Por outro lado, a Organização para Cooperação de Xangai (SCO, na sigla em inglês) está diante de uma verdadeira prova de fogo, que ela só poderá superar com uma estrutura organizacional. Ela foi criada para melhorar o trabalho de cooperação na área de política de segurança na Ásia Central. Em breve, isso será extremamente necessário, já que a Otan e os Estados Unidos se distanciam cada vez mais do Afeganistão – sem derrotar de forma alguma os talibãs e com os combatentes do "Estado Islâmico" já sendo vistos na região. A situação é tão grave que até mesmo os arquirrivais Paquistão e Índia pretendem aderir à SCO. As consequências disso são podem ser boas.
O que é muitas vezes esquecido em meio a essa revitalizada retórica de blocos: os Estados Unidos também tentaram, há apenas alguns anos, obter um status de observador na SCO, mas este foi rejeitado pela organização. Nos Estados Unidos, o perigo que a Rússia representa para o Ocidente, para a região de influência da Otan, é considerado muito elevado. Muitos políticos e militares americanos veem na política externa agressiva da Rússia até mesmo a maior de todas as ameaças. Para os Brics e para a Organização para Cooperação de Xangai, por outro lado, a milícia terrorista "Estado Islâmico" representa o maior perigo à segurança global.

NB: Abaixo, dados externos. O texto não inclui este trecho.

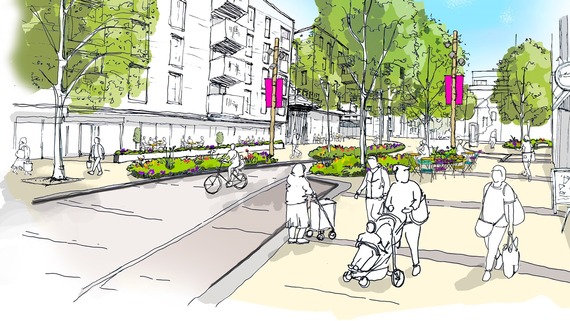 A visualisation of the Rosebank Villas in Walthamstow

Aqui cabe a pergunta: por que então a mídia estatal russa apresenta o governo ucraniano como se a verdadeira ameaça à paz mundial partisse de Kiev? Mas isso é só uma observação. Também no Ocidente aumenta o número de vozes moderadas, que veem no confronto entre Rússia e Ocidente por causa da Ucrânia o conflito "errado" e, ao mesmo tempo, consideram necessários mais esforços comuns para combater o islamismo brutal no cinturão de crise, que vai da Tunísia, até o Paquistão, passando pelo Iêmen.